Ein Mensch plant seinen Nachmittag. Unversehens gerät er dabei in folgende (innere) Diskussion:
 
Pflicht (zum Oberhaupt): Heute müssen wir aber unbedingt mal wieder Tante Anni im Krankenhaus besuchen!
Faulpelz: Lust hab ich nicht, ehrlich gesagt!
Pflicht: Mal wieder typisch: Deine Bequemlichkeit geht dir über alles; hast du mal dran gedacht, wie Tante Anni dort tagein, tagaus einsam im Bett herumliegt?
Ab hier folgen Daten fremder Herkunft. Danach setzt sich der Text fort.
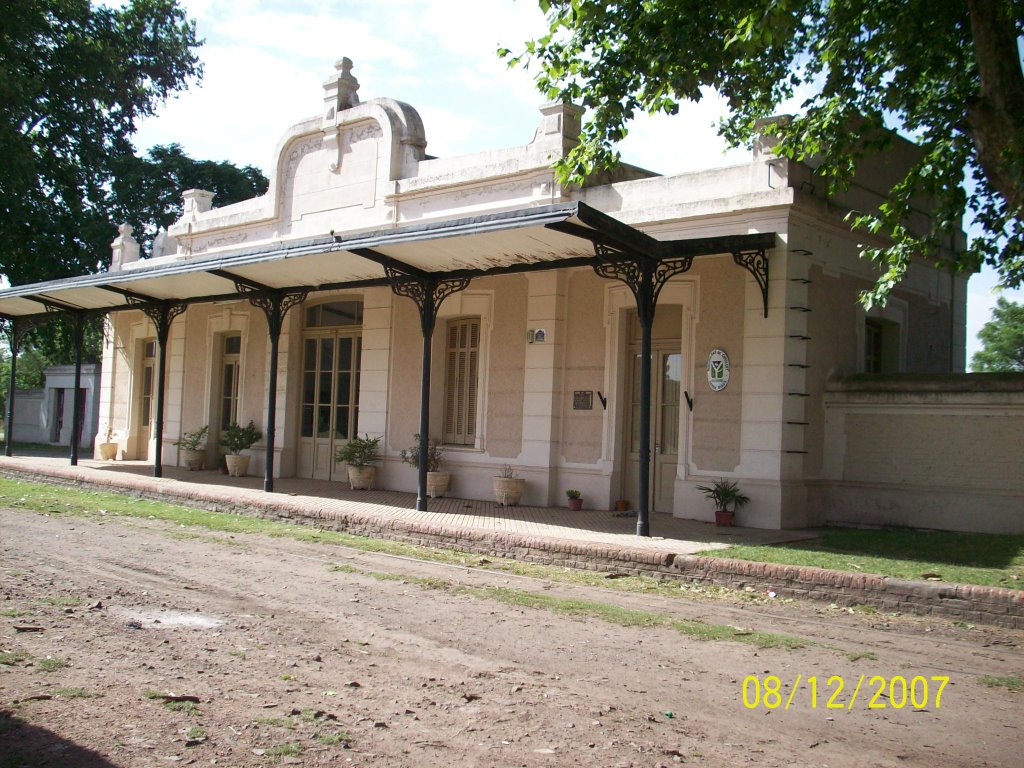 Estacion de tren vieja by tano_marcos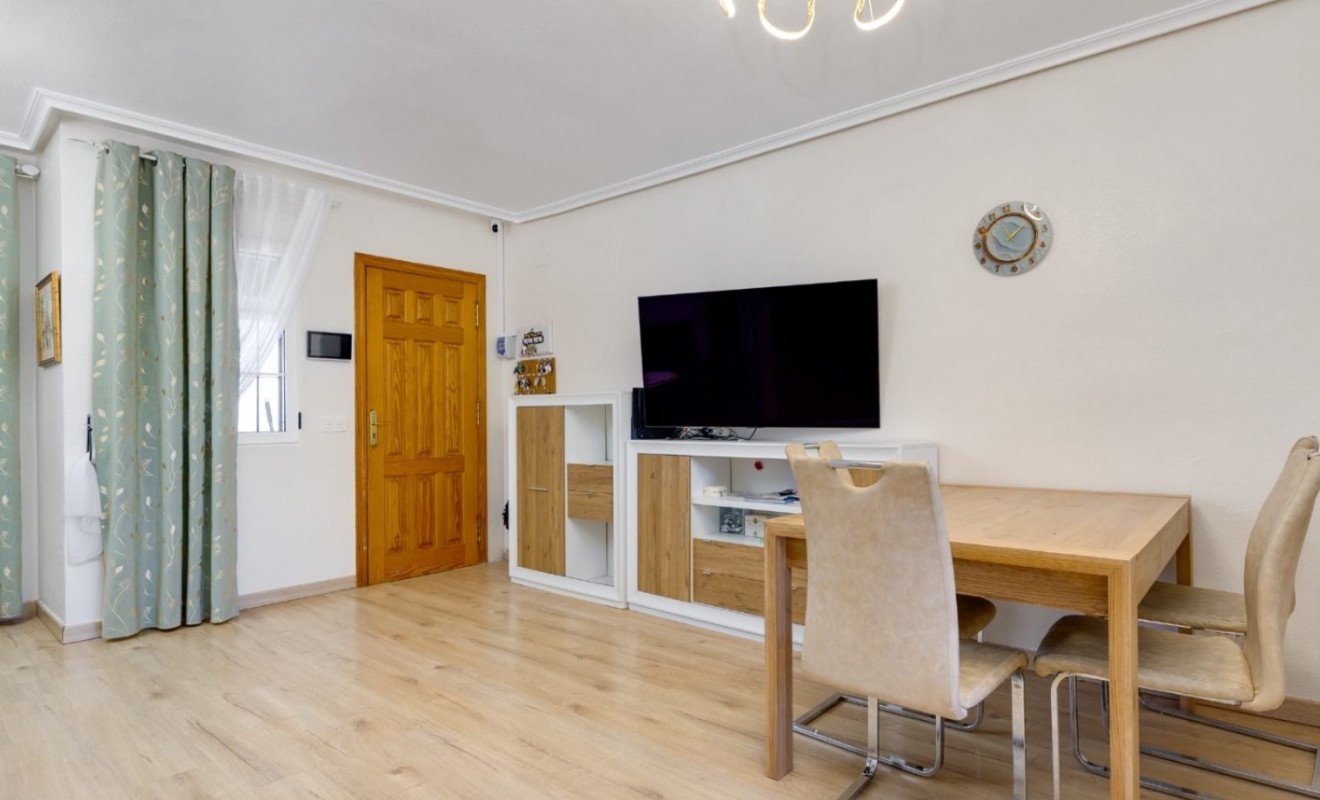Sale - Townhouse - Torrevieja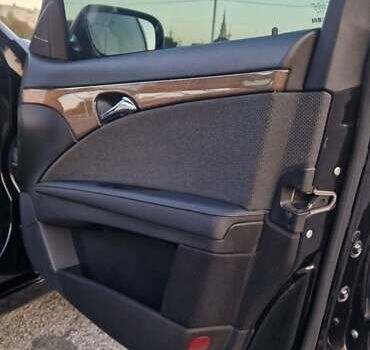 Чорний Мерседес Е-Клас, об'ємом двигуна 2.15 л та пробігом 263 тис. км за 9999 $, фото 15 на Automoto.ua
Und wir waren in all den Wochen erst ein ein-zi-ges Mal – ich wiederhole: ein einziges Mal – bei ihr!
Faulpelz: Ich sag ja nur! Außerdem fühle ich mich heute nicht so besonders.
Gesund-Ex (springt dem Faulpelz bei): Tatsächlich, der Hals! Da ist eine dicke Erkältung im Anzug. – Vielleicht wirklich kein guter Besuchstag: Sie könnte sich anstecken.
Pflicht: Ach was!
Faulpelz (spitzbübisch): Nicht «ach was!» Das ist doch echt kein Liebesdienst, wenn Anni sowieso schon krank ist und dann auch noch eine Grippe kriegt, nur weil wir ihr als lebende Bakterienschleuder unbedingt das Händchen halten mussten! Das ist kein Besuch, das ist ein Attentat!
Pflicht: So weit kommt es noch, dass du deinen Egoismus auch noch als Rücksicht ausgibst, du alter Spitzbube!
Oberhaupt (greift ein): Gut, ein Spitzbube ist er. Aber ich möchte nicht den Gesundheitsexperten übergehen, nur weil sein Hinweis dem Faulpelz in den Kram passt. Die Gefahr, dass wir sie unnötig anstecken, ist vielleicht wirklich nicht von der Hand zu weisen.
Faulpelz: Eben!
Oberhaupt: Vielleicht meldet sich Faulpelz auch darum so deutlich, weil es uns wirklich nicht so gut geht.
Faulpelz: Ganz genau!
Pflicht: Der hätte sich auch sonst gemeldet! Der meldet sich immer, wenn er auf irgend etwas keinen Bock hat!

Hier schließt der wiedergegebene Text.